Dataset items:
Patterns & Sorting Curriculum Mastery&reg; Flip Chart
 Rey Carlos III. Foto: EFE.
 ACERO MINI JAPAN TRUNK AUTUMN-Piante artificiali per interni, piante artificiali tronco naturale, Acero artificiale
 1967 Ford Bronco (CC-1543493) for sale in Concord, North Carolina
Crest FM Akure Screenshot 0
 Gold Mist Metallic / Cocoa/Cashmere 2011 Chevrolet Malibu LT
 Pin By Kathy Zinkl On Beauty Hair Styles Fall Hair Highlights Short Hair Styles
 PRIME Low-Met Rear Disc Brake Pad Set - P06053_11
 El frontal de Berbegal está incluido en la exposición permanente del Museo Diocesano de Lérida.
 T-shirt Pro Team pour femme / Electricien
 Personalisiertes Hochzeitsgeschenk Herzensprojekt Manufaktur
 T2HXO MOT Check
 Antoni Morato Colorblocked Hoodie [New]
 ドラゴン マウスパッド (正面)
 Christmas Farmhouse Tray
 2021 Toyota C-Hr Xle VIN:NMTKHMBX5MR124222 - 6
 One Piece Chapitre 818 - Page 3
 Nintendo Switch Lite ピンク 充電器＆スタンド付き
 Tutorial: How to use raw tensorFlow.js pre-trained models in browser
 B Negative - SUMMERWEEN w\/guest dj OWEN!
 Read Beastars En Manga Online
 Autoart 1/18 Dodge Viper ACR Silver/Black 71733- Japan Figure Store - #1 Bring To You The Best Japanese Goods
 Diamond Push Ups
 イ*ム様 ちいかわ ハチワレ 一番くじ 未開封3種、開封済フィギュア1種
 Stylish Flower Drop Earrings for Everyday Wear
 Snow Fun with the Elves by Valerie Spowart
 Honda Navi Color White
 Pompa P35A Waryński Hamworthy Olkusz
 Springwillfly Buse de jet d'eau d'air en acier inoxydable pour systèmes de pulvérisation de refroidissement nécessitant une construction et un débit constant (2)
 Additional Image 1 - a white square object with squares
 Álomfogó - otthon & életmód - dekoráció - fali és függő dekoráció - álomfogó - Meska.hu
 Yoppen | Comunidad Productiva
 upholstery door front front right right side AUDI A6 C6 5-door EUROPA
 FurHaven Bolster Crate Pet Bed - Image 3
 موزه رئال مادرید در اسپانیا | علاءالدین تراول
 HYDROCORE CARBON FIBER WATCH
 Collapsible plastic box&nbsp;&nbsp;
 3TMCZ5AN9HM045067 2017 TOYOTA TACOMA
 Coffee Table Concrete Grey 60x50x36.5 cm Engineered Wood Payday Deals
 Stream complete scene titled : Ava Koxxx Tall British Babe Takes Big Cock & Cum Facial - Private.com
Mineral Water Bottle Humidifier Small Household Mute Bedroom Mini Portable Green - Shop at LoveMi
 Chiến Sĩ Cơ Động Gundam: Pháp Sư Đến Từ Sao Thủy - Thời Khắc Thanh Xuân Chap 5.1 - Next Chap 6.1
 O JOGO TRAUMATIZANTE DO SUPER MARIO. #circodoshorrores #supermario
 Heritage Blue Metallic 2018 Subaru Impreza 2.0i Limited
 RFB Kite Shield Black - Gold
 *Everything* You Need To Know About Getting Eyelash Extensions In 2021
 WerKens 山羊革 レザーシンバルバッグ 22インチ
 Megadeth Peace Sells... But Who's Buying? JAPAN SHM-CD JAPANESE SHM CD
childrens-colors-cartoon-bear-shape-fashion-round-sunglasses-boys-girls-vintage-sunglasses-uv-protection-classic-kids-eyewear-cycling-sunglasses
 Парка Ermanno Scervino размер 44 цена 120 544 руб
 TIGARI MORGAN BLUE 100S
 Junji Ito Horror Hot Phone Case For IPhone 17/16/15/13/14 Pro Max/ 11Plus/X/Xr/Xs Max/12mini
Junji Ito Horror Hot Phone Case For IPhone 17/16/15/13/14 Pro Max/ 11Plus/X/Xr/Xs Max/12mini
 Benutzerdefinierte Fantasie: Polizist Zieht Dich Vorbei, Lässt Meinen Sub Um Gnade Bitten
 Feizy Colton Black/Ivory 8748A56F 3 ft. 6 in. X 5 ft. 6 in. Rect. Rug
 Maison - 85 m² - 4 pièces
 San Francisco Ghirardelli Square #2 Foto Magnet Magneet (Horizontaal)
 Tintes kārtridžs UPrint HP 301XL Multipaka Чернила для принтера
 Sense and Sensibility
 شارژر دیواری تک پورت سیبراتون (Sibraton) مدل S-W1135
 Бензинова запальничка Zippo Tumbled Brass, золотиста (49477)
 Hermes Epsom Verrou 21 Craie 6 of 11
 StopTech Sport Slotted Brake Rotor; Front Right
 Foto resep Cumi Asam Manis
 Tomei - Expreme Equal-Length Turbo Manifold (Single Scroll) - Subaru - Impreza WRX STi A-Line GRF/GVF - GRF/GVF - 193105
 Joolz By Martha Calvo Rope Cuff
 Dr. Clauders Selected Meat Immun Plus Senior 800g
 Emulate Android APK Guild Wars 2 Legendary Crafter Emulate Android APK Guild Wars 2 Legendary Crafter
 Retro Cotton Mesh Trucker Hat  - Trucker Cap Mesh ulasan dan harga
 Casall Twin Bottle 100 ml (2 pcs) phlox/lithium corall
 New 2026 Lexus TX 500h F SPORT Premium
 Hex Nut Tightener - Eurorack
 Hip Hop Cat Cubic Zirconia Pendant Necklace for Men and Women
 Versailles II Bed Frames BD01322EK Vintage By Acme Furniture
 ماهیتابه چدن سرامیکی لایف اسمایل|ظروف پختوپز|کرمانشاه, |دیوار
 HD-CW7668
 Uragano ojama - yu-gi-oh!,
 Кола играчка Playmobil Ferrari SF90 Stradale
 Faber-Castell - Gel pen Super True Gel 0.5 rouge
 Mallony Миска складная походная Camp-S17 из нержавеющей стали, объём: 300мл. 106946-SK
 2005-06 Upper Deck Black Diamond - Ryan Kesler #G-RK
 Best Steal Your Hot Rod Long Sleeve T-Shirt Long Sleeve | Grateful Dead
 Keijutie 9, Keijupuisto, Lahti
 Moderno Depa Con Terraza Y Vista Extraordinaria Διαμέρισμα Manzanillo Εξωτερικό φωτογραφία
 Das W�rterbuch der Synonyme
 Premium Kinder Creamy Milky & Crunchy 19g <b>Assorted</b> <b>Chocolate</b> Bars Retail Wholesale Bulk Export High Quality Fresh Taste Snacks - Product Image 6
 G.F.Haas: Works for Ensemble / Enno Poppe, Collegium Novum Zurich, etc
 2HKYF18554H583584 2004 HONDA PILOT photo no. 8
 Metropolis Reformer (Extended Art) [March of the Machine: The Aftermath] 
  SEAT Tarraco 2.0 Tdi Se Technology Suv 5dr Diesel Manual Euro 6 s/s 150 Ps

■ **TASK STATEMENT**
Copy the data above. Keep each line exact.

■ **SOLUTION TO THE EXERCISE**
Patterns & Sorting Curriculum Mastery&reg; Flip Chart
 Rey Carlos III. Foto: EFE.
 ACERO MINI JAPAN TRUNK AUTUMN-Piante artificiali per interni, piante artificiali tronco naturale, Acero artificiale
 1967 Ford Bronco (CC-1543493) for sale in Concord, North Carolina
Crest FM Akure Screenshot 0
 Gold Mist Metallic / Cocoa/Cashmere 2011 Chevrolet Malibu LT
 Pin By Kathy Zinkl On Beauty Hair Styles Fall Hair Highlights Short Hair Styles
 PRIME Low-Met Rear Disc Brake Pad Set - P06053_11
 El frontal de Berbegal está incluido en la exposición permanente del Museo Diocesano de Lérida.
 T-shirt Pro Team pour femme / Electricien
 Personalisiertes Hochzeitsgeschenk Herzensprojekt Manufaktur
 T2HXO MOT Check
 Antoni Morato Colorblocked Hoodie [New]
 ドラゴン マウスパッド (正面)
 Christmas Farmhouse Tray
 2021 Toyota C-Hr Xle VIN:NMTKHMBX5MR124222 - 6
 One Piece Chapitre 818 - Page 3
 Nintendo Switch Lite ピンク 充電器＆スタンド付き
 Tutorial: How to use raw tensorFlow.js pre-trained models in browser
 B Negative - SUMMERWEEN w\/guest dj OWEN!
 Read Beastars En Manga Online
 Autoart 1/18 Dodge Viper ACR Silver/Black 71733- Japan Figure Store - #1 Bring To You The Best Japanese Goods
 Diamond Push Ups
 イ*ム様 ちいかわ ハチワレ 一番くじ 未開封3種、開封済フィギュア1種
 Stylish Flower Drop Earrings for Everyday Wear
 Snow Fun with the Elves by Valerie Spowart
 Honda Navi Color White
 Pompa P35A Waryński Hamworthy Olkusz
 Springwillfly Buse de jet d'eau d'air en acier inoxydable pour systèmes de pulvérisation de refroidissement nécessitant une construction et un débit constant (2)
 Additional Image 1 - a white square object with squares
 Álomfogó - otthon & életmód - dekoráció - fali és függő dekoráció - álomfogó - Meska.hu
 Yoppen | Comunidad Productiva
 upholstery door front front right right side AUDI A6 C6 5-door EUROPA
 FurHaven Bolster Crate Pet Bed - Image 3
 موزه رئال مادرید در اسپانیا | علاءالدین تراول
 HYDROCORE CARBON FIBER WATCH
 Collapsible plastic box&nbsp;&nbsp;
 3TMCZ5AN9HM045067 2017 TOYOTA TACOMA
 Coffee Table Concrete Grey 60x50x36.5 cm Engineered Wood Payday Deals
 Stream complete scene titled : Ava Koxxx Tall British Babe Takes Big Cock & Cum Facial - Private.com
Mineral Water Bottle Humidifier Small Household Mute Bedroom Mini Portable Green - Shop at LoveMi
 Chiến Sĩ Cơ Động Gundam: Pháp Sư Đến Từ Sao Thủy - Thời Khắc Thanh Xuân Chap 5.1 - Next Chap 6.1
 O JOGO TRAUMATIZANTE DO SUPER MARIO. #circodoshorrores #supermario
 Heritage Blue Metallic 2018 Subaru Impreza 2.0i Limited
 RFB Kite Shield Black - Gold
 *Everything* You Need To Know About Getting Eyelash Extensions In 2021
 WerKens 山羊革 レザーシンバルバッグ 22インチ
 Megadeth Peace Sells... But Who's Buying? JAPAN SHM-CD JAPANESE SHM CD
childrens-colors-cartoon-bear-shape-fashion-round-sunglasses-boys-girls-vintage-sunglasses-uv-protection-classic-kids-eyewear-cycling-sunglasses
 Парка Ermanno Scervino размер 44 цена 120 544 руб
 TIGARI MORGAN BLUE 100S
 Junji Ito Horror Hot Phone Case For IPhone 17/16/15/13/14 Pro Max/ 11Plus/X/Xr/Xs Max/12mini
Junji Ito Horror Hot Phone Case For IPhone 17/16/15/13/14 Pro Max/ 11Plus/X/Xr/Xs Max/12mini
 Benutzerdefinierte Fantasie: Polizist Zieht Dich Vorbei, Lässt Meinen Sub Um Gnade Bitten
 Feizy Colton Black/Ivory 8748A56F 3 ft. 6 in. X 5 ft. 6 in. Rect. Rug
 Maison - 85 m² - 4 pièces
 San Francisco Ghirardelli Square #2 Foto Magnet Magneet (Horizontaal)
 Tintes kārtridžs UPrint HP 301XL Multipaka Чернила для принтера
 Sense and Sensibility
 شارژر دیواری تک پورت سیبراتون (Sibraton) مدل S-W1135
 Бензинова запальничка Zippo Tumbled Brass, золотиста (49477)
 Hermes Epsom Verrou 21 Craie 6 of 11
 StopTech Sport Slotted Brake Rotor; Front Right
 Foto resep Cumi Asam Manis
 Tomei - Expreme Equal-Length Turbo Manifold (Single Scroll) - Subaru - Impreza WRX STi A-Line GRF/GVF - GRF/GVF - 193105
 Joolz By Martha Calvo Rope Cuff
 Dr. Clauders Selected Meat Immun Plus Senior 800g
 Emulate Android APK Guild Wars 2 Legendary Crafter Emulate Android APK Guild Wars 2 Legendary Crafter
 Retro Cotton Mesh Trucker Hat  - Trucker Cap Mesh ulasan dan harga
 Casall Twin Bottle 100 ml (2 pcs) phlox/lithium corall
 New 2026 Lexus TX 500h F SPORT Premium
 Hex Nut Tightener - Eurorack
 Hip Hop Cat Cubic Zirconia Pendant Necklace for Men and Women
 Versailles II Bed Frames BD01322EK Vintage By Acme Furniture
 ماهیتابه چدن سرامیکی لایف اسمایل|ظروف پختوپز|کرمانشاه, |دیوار
 HD-CW7668
 Uragano ojama - yu-gi-oh!,
 Кола играчка Playmobil Ferrari SF90 Stradale
 Faber-Castell - Gel pen Super True Gel 0.5 rouge
 Mallony Миска складная походная Camp-S17 из нержавеющей стали, объём: 300мл. 106946-SK
 2005-06 Upper Deck Black Diamond - Ryan Kesler #G-RK
 Best Steal Your Hot Rod Long Sleeve T-Shirt Long Sleeve | Grateful Dead
 Keijutie 9, Keijupuisto, Lahti
 Moderno Depa Con Terraza Y Vista Extraordinaria Διαμέρισμα Manzanillo Εξωτερικό φωτογραφία
 Das W�rterbuch der Synonyme
 Premium Kinder Creamy Milky & Crunchy 19g <b>Assorted</b> <b>Chocolate</b> Bars Retail Wholesale Bulk Export High Quality Fresh Taste Snacks - Product Image 6
 G.F.Haas: Works for Ensemble / Enno Poppe, Collegium Novum Zurich, etc
 2HKYF18554H583584 2004 HONDA PILOT photo no. 8
 Metropolis Reformer (Extended Art) [March of the Machine: The Aftermath] 
  SEAT Tarraco 2.0 Tdi Se Technology Suv 5dr Diesel Manual Euro 6 s/s 150 Ps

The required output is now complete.